Friday, December 31, 2010

new year glitz

TWO-THOUSAND-ELEVEN  sounds a bit like science fiction. It only seems like a few years ago that I brought in the year 2000 in Minneapolis, Minnesota at a huge, multi-themed night club called appropriately-enough "The Gay 90s," which is still alive and well. How does the time fly by like this? This year, I'll be having a more quiet affair (I'm thinking) at a friend's home. You never know though, how enlivened a party can become once people get enough bubbly in them. I'm planning also on attending a New Year's party tomorrow. It will certainly be more tame if everyone is nursing a hangover from New Year's Eve night. It's always good though to start the new year with friends, no matter if quietly, or with a bang.
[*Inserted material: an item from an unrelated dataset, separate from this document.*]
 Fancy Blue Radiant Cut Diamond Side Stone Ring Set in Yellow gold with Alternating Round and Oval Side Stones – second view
IT'S  EASY  TO  FORGET  the nuances of the years that have flown by. Friends come and go, but for old times sake, I don't easily forget the people most important to me—you know who you are. The classic New Year's song Auld Lang Syne begins with a rhetorical question as to whether it is right that old times be forgotten. This New Year's toast and tree is my way of remembering long-standing relationships and wishing all loved ones (including blog followers) a happy and prosperous 2011. 
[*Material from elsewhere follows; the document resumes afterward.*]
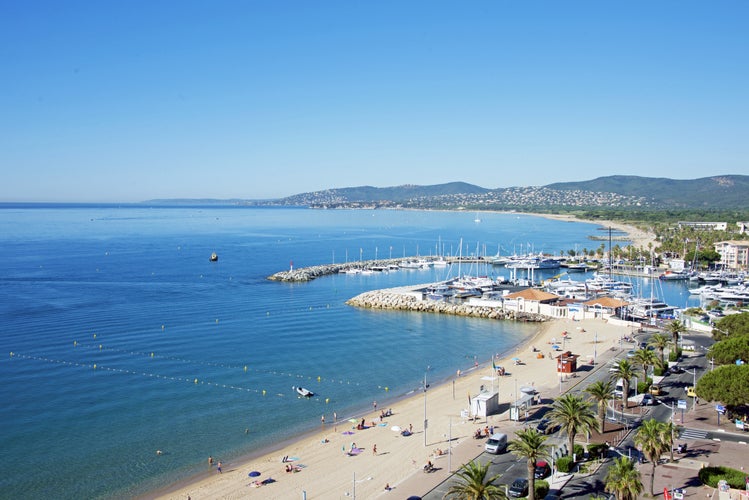 Panoramic view of urban beach of Frejus city on Cote d'Azur (Coast of Azure) of French Riviera in summer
MY  GOAL  this year is to self-publish a small digitally-produced photo book or magazine with photos of my trees and editorial information about their creation. The plan is to sell it here on the blog and use it to shop my ideas around to real publishers. So, I'll be posting less here and spending more time on that. I've gotten so used to burning it at both ends though, who knows what the new year will bring? I do plan to have posts just as I have surrounding the major holidays.

THAT  IS  the exciting thing about a new year. It is a time to fix yourself a drink and reflect on old and new goals alike. My only definite plan is keeping sight of the end result and keep moving toward it—hoping for the best. I'm not good at wiping the slate clean—I sort of look at what I've collected in life (physical and otherwise) as my palette. The problem is, it is all getting to be an unorganized mess that is harder and harder to move ahead with. So I'm taking a few steps back to refocus and to hopefully be able to take a larger step forward. 
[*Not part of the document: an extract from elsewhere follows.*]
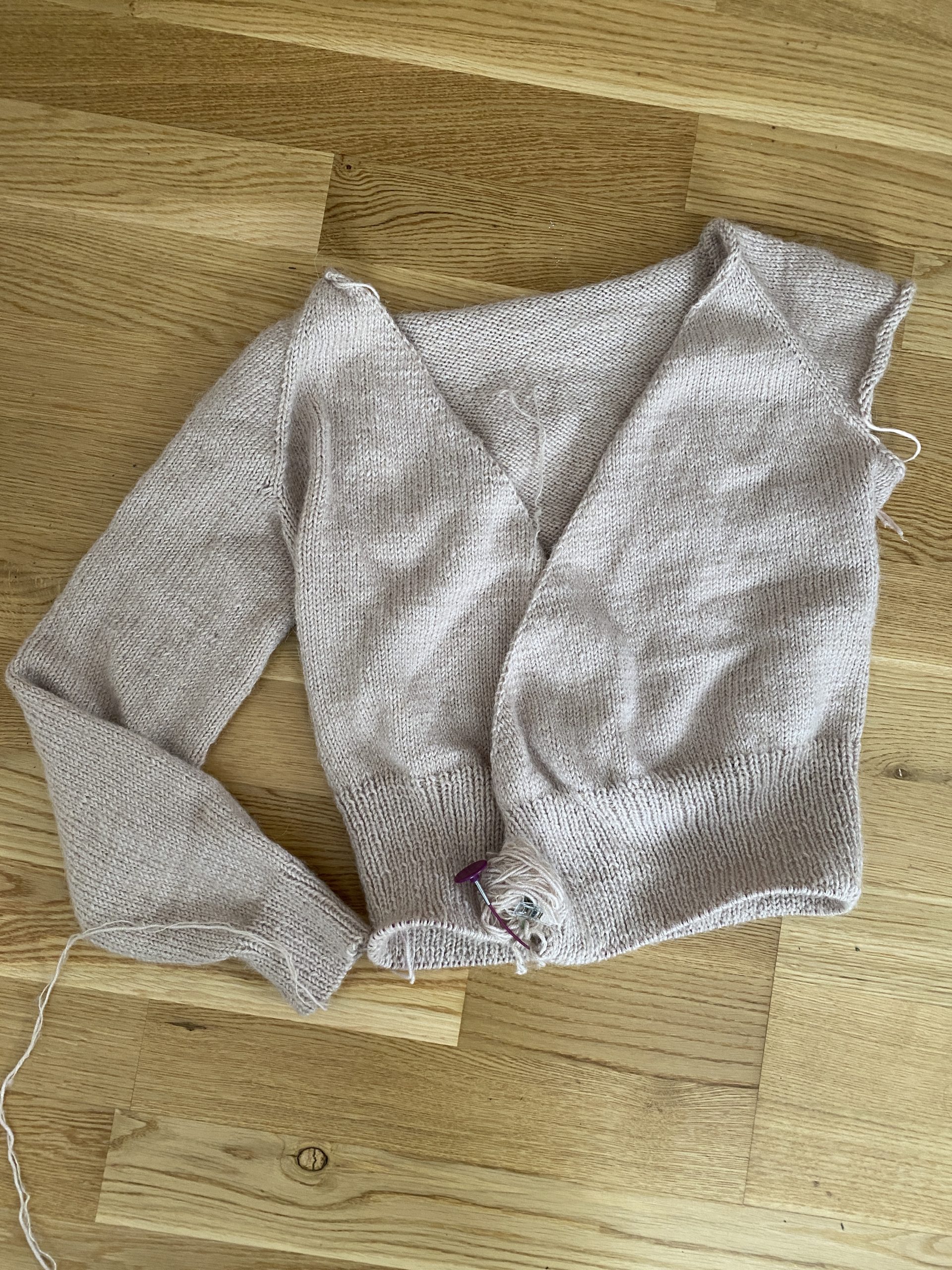 A partially completed Robinson Wrap Cardigan in a soft beige color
BRING IN THE NEW | (Top) Bringing in the new doesn't always mean throwing out the old, but it certainly is necessary to make room for new aspirations.This large mercury glass tree is encircled with a garland made from my collection of beaded snowflakes attached to a garland made of wire and glass beads from Cost Plus World Market. Two miniature metal cups and a champagne bottle from Crate & Barrel hang from a stately deer's antlers (made from recycled aluminum). The champagne-filled glasses are garnished with rosemary sprigs that I've given a sparkle with a coating of egg white and coarse sanding sugar.

TOP SHINE | (Above) I've retrofitted this tree topper by Seasons of Cannon Falls with a new glittered disk of type of my own design. Surrounded by beautiful glittered and tinseled metal rays, the manufacturer got that part right, but the original type with the clip art champagne glasses (left) was a bit clunky for my taste. I purchased my topper from Bayberry Cove.
SPARKLY SNOWFLAKES | (Above) Part of my fancy collection of glass-beaded snowflake ornaments (mostly made in Czechoslovakia) are assembled together on a garland around a large and sturdy mercury glass pleated tree form (made in India) from Home Goods.
GLEAMING NEW | (Above) This beautiful reindeer from Home Goods symbolically stands guard and brings a cup (or two) of good cheer on its antlers. The champagne flutes are garnished with sprigs of sugared rosemary as a symbol of remembering the good times.

OVERVIEW | (Above) Looking from above, it's easy to see the ground—a promise I am making to myself this year to step back so I can see the big picture. The glittery bugle-beaded charger is from Z Gallerie.